RECORDS PROVIDED
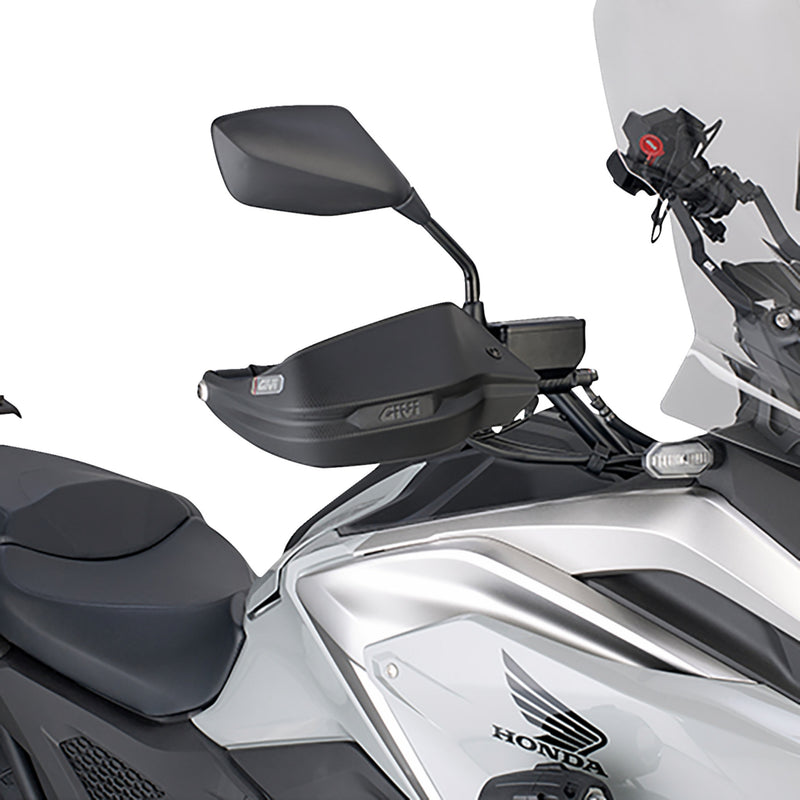 Givi Handguard - HP1192B Honda CB500X / NC750X 2019-2023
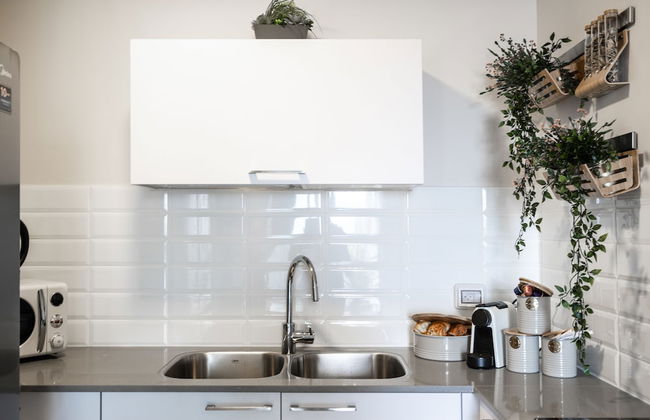 Luxury 2R Best location Amazing terrace - Photo 10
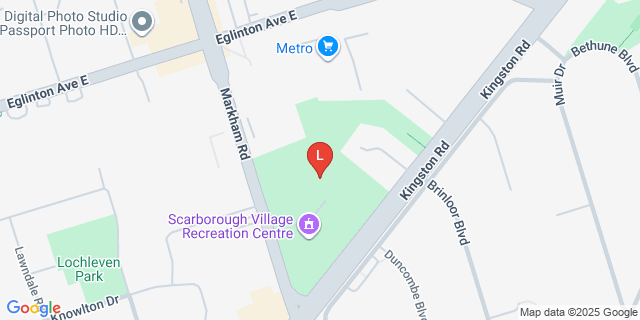 image for Scarborough Village Recreation Centre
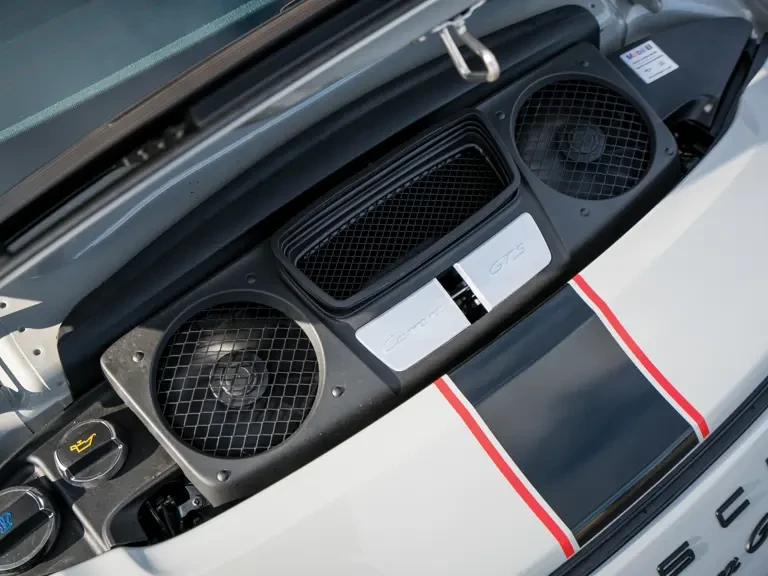 2016 Porsche 991 Carrera GTS - Image 4 of 21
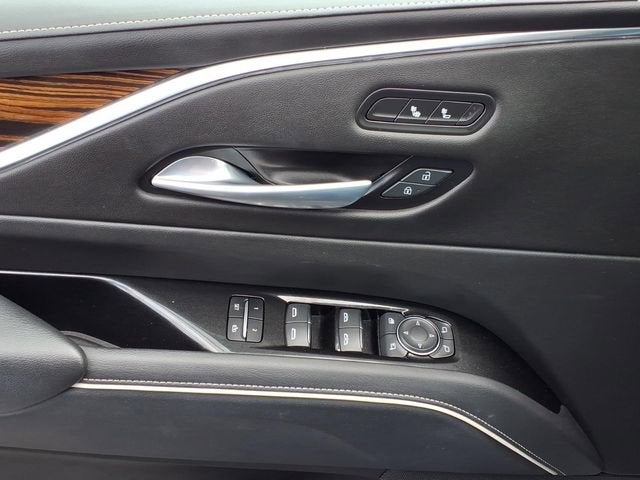 2023 Cadillac Escalade Luxury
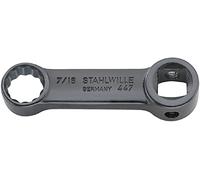 ADAPTADOR 3/8" - 447-9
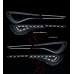 EXLED PANEL REAR POWER LED BRAKE MODULES HYUNDAI AVANTE MD 2013-15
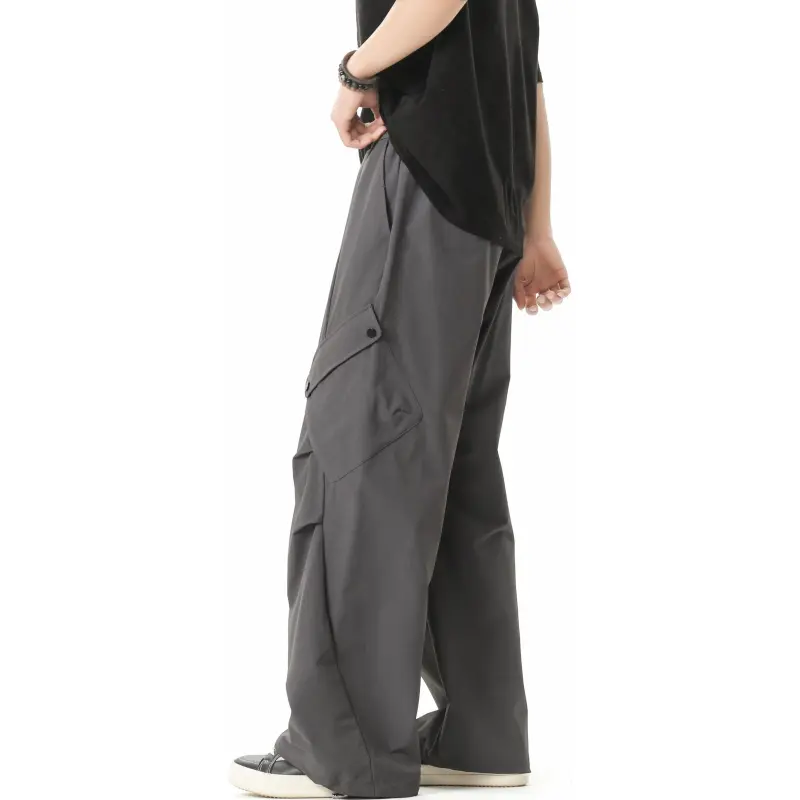 NOTFORMAD Cargo Pants Unisex-7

WHAT IS BEING ASKED
The response should be the lines from the one containing "2023 Cadillac Escalade Luxury" through the final line of the records, reproduced exactly and with every picture left out.

FINAL ANSWER
 2023 Cadillac Escalade Luxury
 ADAPTADOR 3/8" - 447-9
 EXLED PANEL REAR POWER LED BRAKE MODULES HYUNDAI AVANTE MD 2013-15
 NOTFORMAD Cargo Pants Unisex-7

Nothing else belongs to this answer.